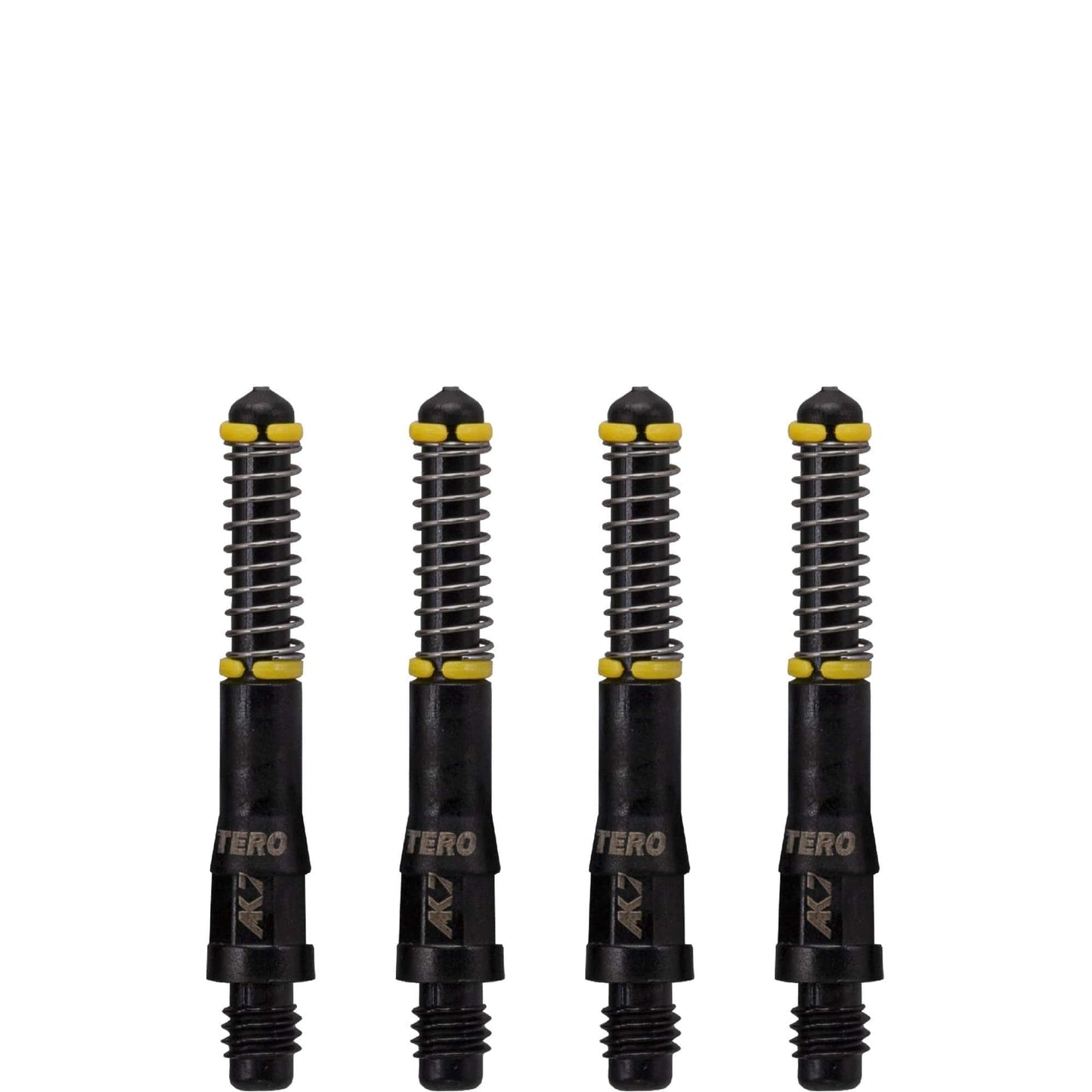 Cuesoul - Dart Shafts - Tero Flight System - AK7 - Standard - Set of 4 - Black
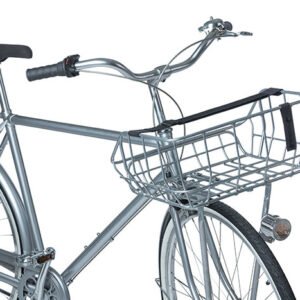 image of basil-portland-bicycle-basket-front-matt-black for sale on Planet Of Bikes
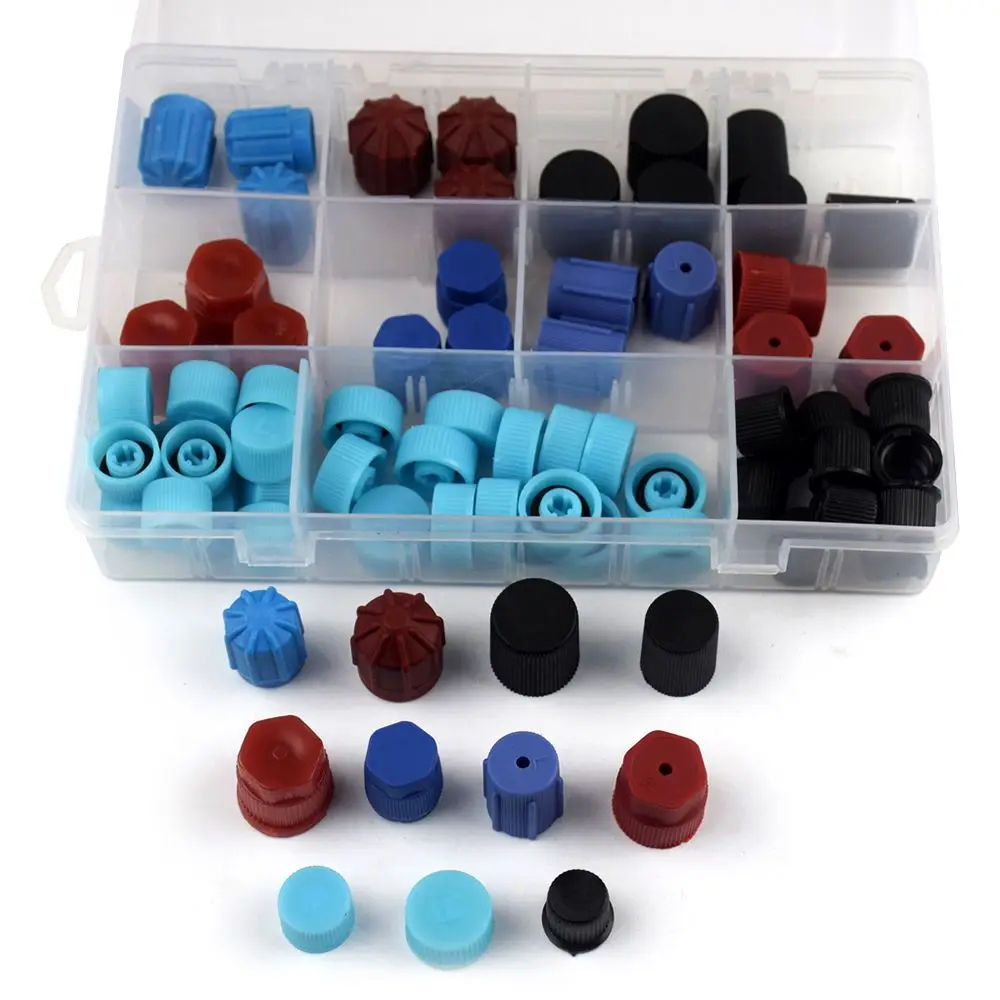 

Durable A/C Valve Core Dust Cap Set Valve Core Dust Caps Set Air Conditioning Valve Core Cap Dust Cap for Car Air Conditioning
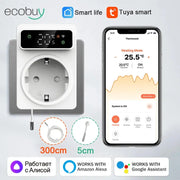 Tuya Smart Home Spine intelligenti Presa Wi-Fi Termostst Regolatore di temperatura Termostato Timer Wifi 16A Presa Spina Smart HASHTAG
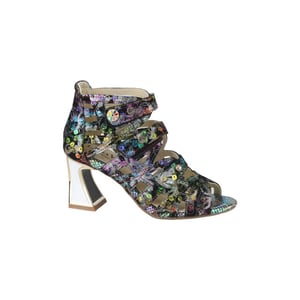 Laura Vita Jacbo 01 charbon dames sandalen gekleed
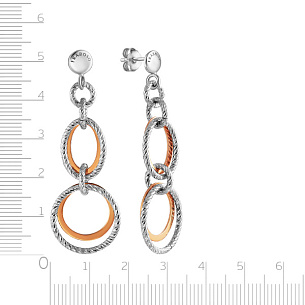 Серьги из серебра с золочением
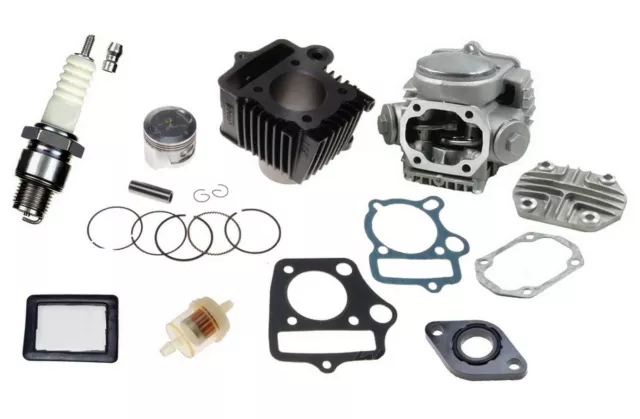 KIT DE CABEZA DE BARRIL DE CILINDRO DE 70cc para YAMASAKI YM50-9 50 4T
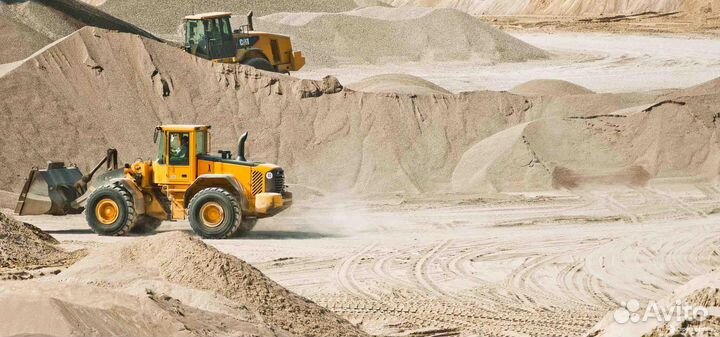 Песок карьерный с доставкой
* * *
Your assignment: Your task is to copy only the lines above starting at the one containing "Durable A/C Valve" and ending at the one containing "Серьги из серебра с золочением". Copy them exactly, both ends included, and omit the pictures.

Solution to this exercise:
Durable A/C Valve Core Dust Cap Set Valve Core Dust Caps Set Air Conditioning Valve Core Cap Dust Cap for Car Air Conditioning
 Tuya Smart Home Spine intelligenti Presa Wi-Fi Termostst Regolatore di temperatura Termostato Timer Wifi 16A Presa Spina Smart HASHTAG
 Laura Vita Jacbo 01 charbon dames sandalen gekleed
 Серьги из серебра с золочением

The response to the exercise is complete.